Task statement
Each entry is to be retyped exactly as it appears, and each image is to be dropped.

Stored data
Start of Block

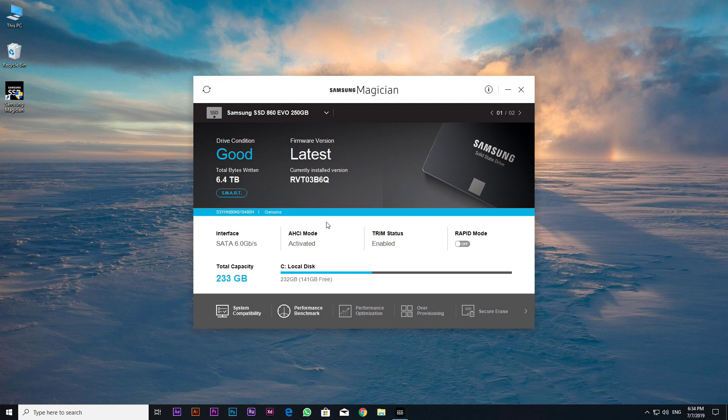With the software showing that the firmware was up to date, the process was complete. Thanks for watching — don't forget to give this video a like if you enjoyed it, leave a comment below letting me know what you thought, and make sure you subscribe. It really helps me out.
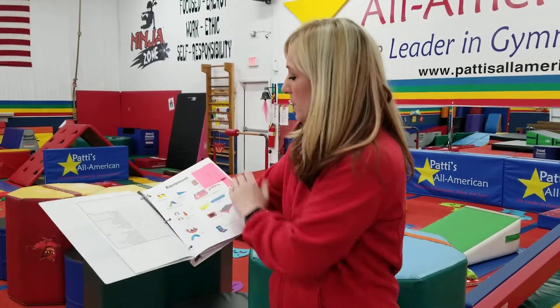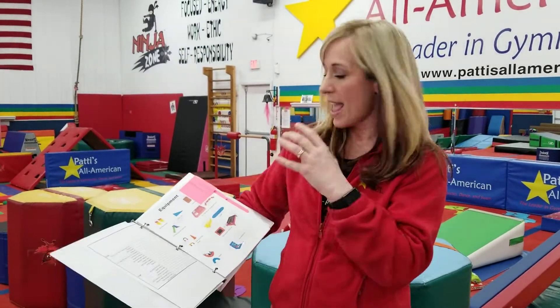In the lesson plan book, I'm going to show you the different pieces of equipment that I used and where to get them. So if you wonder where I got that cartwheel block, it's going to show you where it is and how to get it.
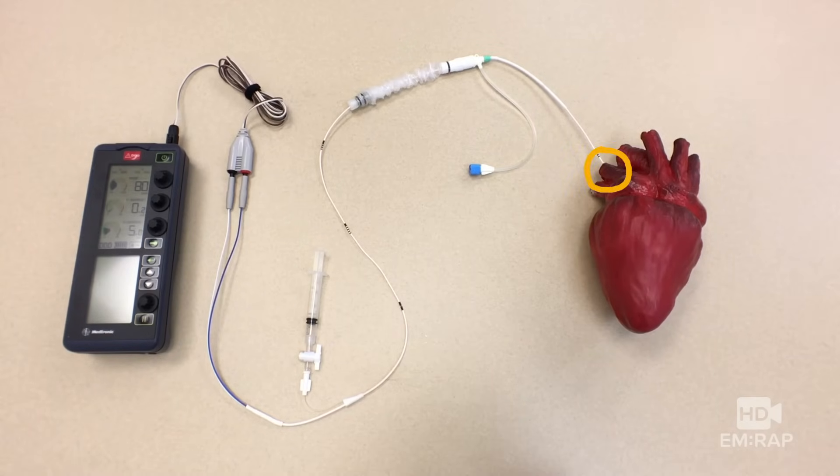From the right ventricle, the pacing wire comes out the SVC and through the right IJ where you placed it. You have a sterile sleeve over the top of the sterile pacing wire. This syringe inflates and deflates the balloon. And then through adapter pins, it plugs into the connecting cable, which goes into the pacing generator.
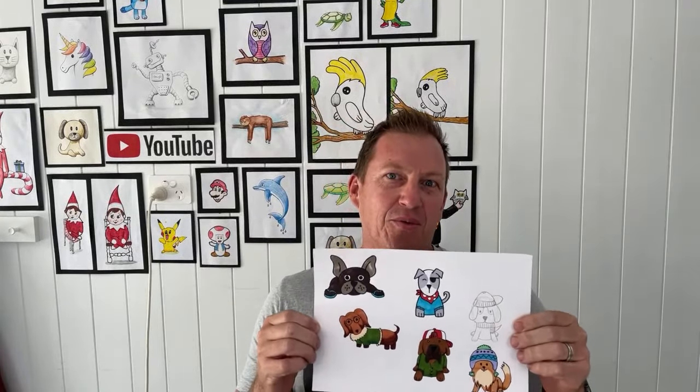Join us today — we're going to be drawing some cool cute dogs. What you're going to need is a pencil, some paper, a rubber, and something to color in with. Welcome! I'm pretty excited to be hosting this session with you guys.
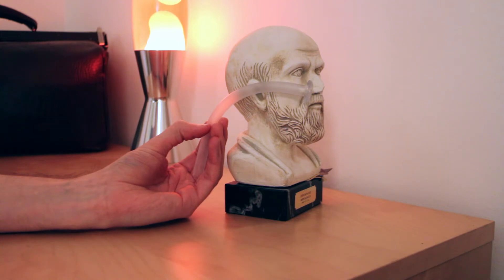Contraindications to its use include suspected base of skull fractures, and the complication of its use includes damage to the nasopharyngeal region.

End of Block

Task answer
With the software showing that the firmware was up to date, the process was complete. Thanks for watching — don't forget to give this video a like if you enjoyed it, leave a comment below letting me know what you thought, and make sure you subscribe. It really helps me out.
In the lesson plan book, I'm going to show you the different pieces of equipment that I used and where to get them. So if you wonder where I got that cartwheel block, it's going to show you where it is and how to get it.
From the right ventricle, the pacing wire comes out the SVC and through the right IJ where you placed it. You have a sterile sleeve over the top of the sterile pacing wire. This syringe inflates and deflates the balloon. And then through adapter pins, it plugs into the connecting cable, which goes into the pacing generator.
Join us today — we're going to be drawing some cool cute dogs. What you're going to need is a pencil, some paper, a rubber, and something to color in with. Welcome! I'm pretty excited to be hosting this session with you guys.
Contraindications to its use include suspected base of skull fractures, and the complication of its use includes damage to the nasopharyngeal region.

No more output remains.